:: Material provided ::

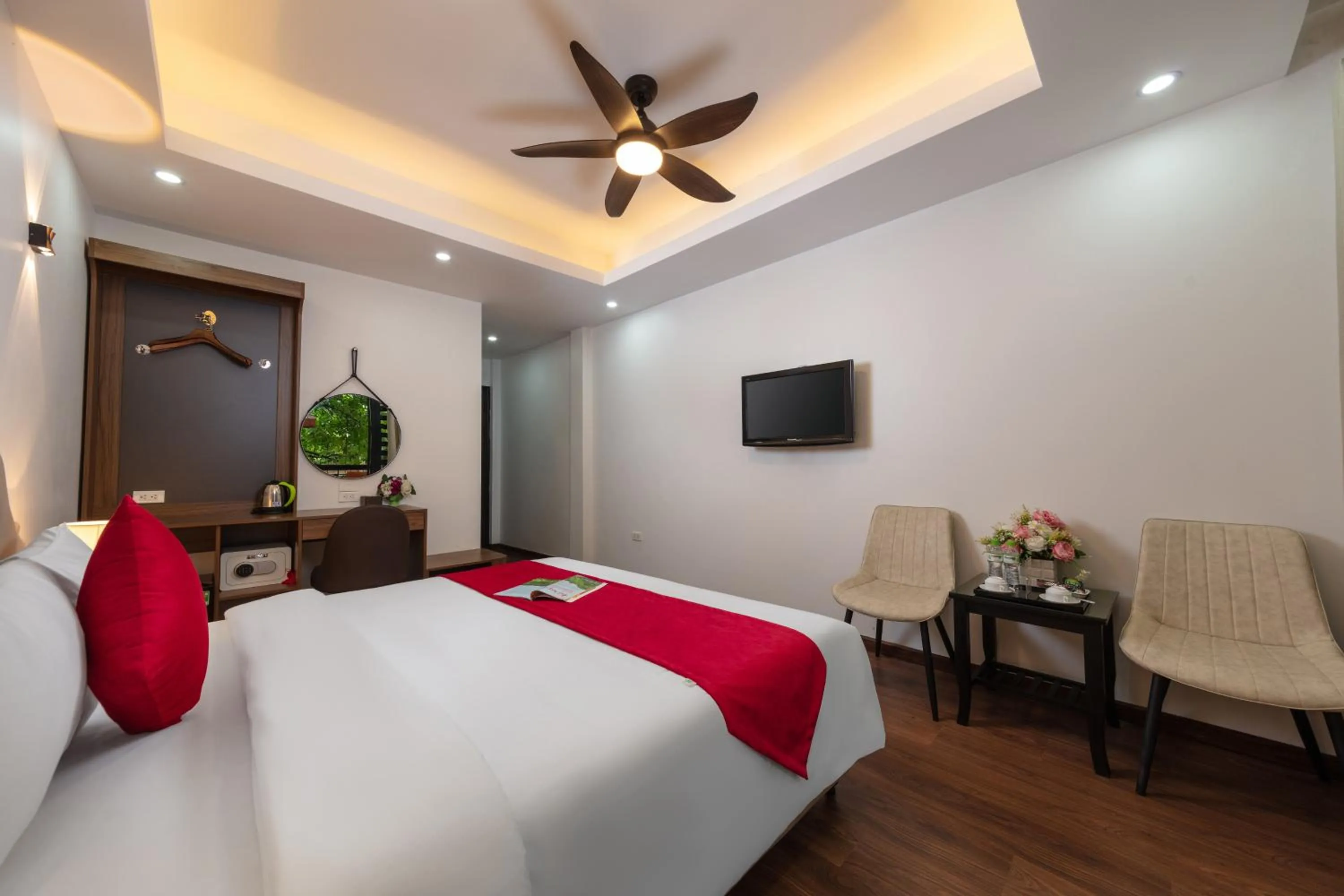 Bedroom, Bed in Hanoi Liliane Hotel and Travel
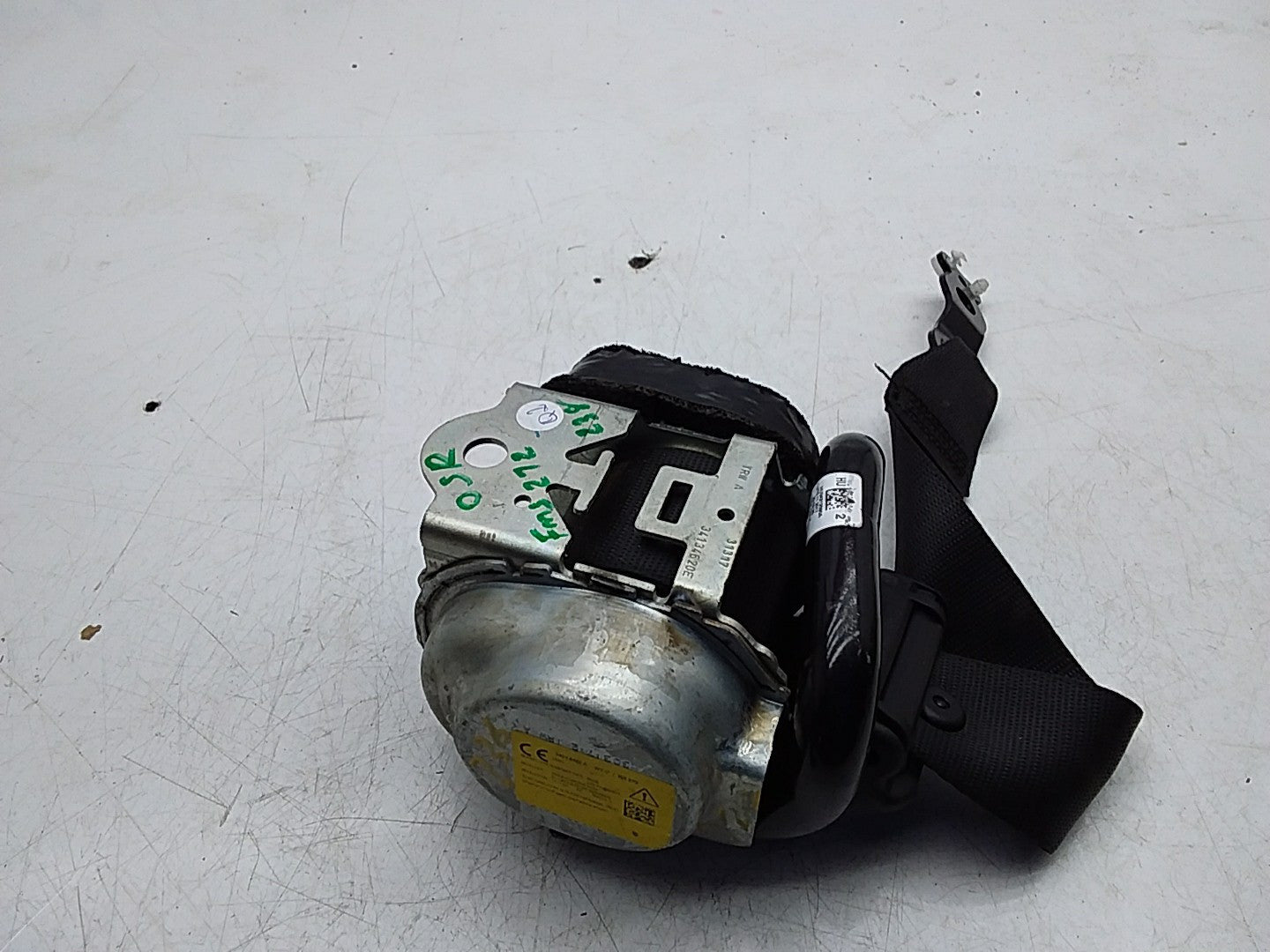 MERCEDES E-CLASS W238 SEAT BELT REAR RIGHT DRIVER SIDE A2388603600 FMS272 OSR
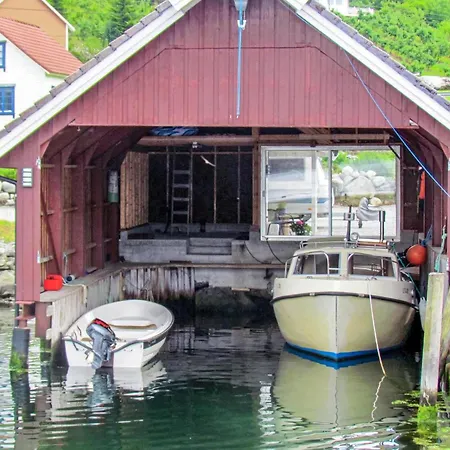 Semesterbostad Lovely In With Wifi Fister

:::

■ Exercise
Could you write out the whole listing exactly, dropping the pictures?

■ Your response
 Bedroom, Bed in Hanoi Liliane Hotel and Travel
 MERCEDES E-CLASS W238 SEAT BELT REAR RIGHT DRIVER SIDE A2388603600 FMS272 OSR
 Semesterbostad Lovely In With Wifi Fister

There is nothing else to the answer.